The nurse could not explain why she had not mentioned an unusual discolouration in Child A’s appearance when interviewed by police in 2018, but when later questioned about Child B she said her discoloured skin was similar to her brother.

She told Ben Myers KC, defending, that people on the unit were talking at the time about rashes, but she was not influenced by anything somebody said.

Nurse agrees with the defence that in her experience Ms Letby was ‘highly professional’

The nurse said she had become ‘good friends’ with Ms Letby, who first came to the unit as a student around 2010-2011 while studying at the University of Chester and later joined as an employee when she qualified.

Mr Myers said: ‘We know the allegations, but your experience when working with her was she was highly professional?

The nurse replied: ‘Yes.’

Meanwhile, a consultant working on the unit said he regretted not being ‘more courageous’ in coming forward to the coroner with his concerns about the death of Child A.

Consultant paediatrician Dr Ravi Jayaram said that around the time of Child A’s inquest, a group of clinicians had begun to raise concerns to hospital bosses about the ‘association we had seen with an individual being present in those situations and, how do I say diplomatically, being told we really should not be saying such things and not to make a fuss’.

Dr Jayaram added: ‘It is a matter of regret that had I suggested this, and it could have been happening, I didn’t really have any hard evidence apart from the association we had seen. And it is a matter of regret and I wish I had been more courageous.’

Fatal amount of air the ‘size of a teaspoon’ deliberately given to Child A, consultant paediatrican tells court

On Tuesday the court heard from two expert consultant paediatricians for the prosecution that they believed a fatal amount of air the ‘size of a teaspoon’ was deliberately given to Child A, allegdly murdered by Ms Letby.

Dr Dewi Evans said in his opinion it was ‘extremely unlikely’ that air was administered accidentally, with fellow expert Dr Sandie Bohin agreeing that in her experience ‘nursing staff are absolutely meticulous in preventing any air getting into those lines’.

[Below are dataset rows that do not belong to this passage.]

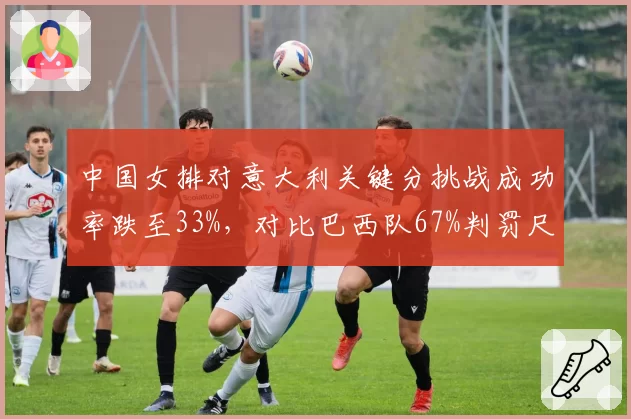 中国女排对意大利关键分挑战成功率跌至33%,对比巴西队67%判罚尺度东西差异引热议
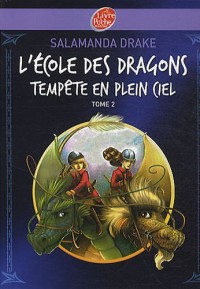 L'école des dragons - Tome 2 - Tempête en plein ciel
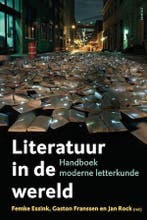 Literatuur in de wereld 9789460041396, Boeken, Verzenden, Zo goed als nieuw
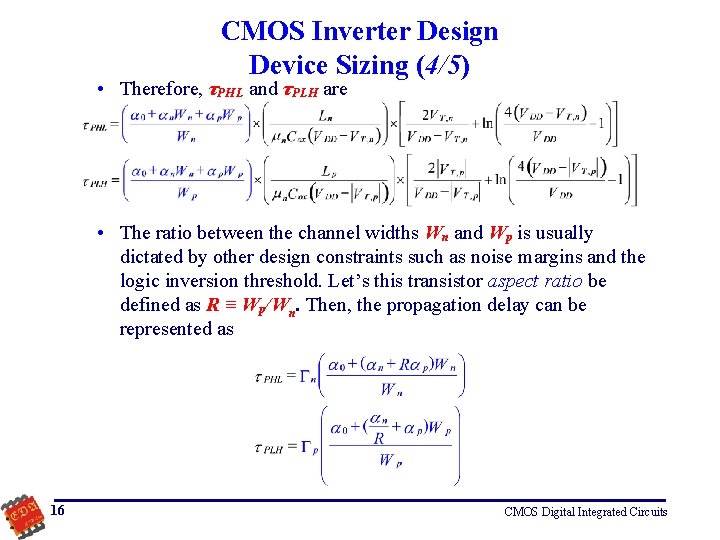 CMOS Inverter Design Device Sizing (4/5) • Therefore, τPHL and τPLH are • The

Dr Evans said: ‘The air would have got through an intravenous line. That could only have happened in two ways – accidentally or on purpose.’

He added there was ‘no way’ it could have been accidental because of the ‘failsafe systems, the alarms and the monitoring’ of intravenous line equipment.

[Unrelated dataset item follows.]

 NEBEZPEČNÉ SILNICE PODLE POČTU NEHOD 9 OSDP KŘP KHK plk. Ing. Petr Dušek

Dr Bohin said: ‘The lines and the connecting points are filled with saline so even the tiniest of air bubbles could not get in. It is ingrained in nursing staff.’

Ms Letby denies the murders of seven babies and the attempted murders of ten others while she worked at the neonatal unit between June 2015 and June 2016.

The trial began on 10 October and is expected to last six months.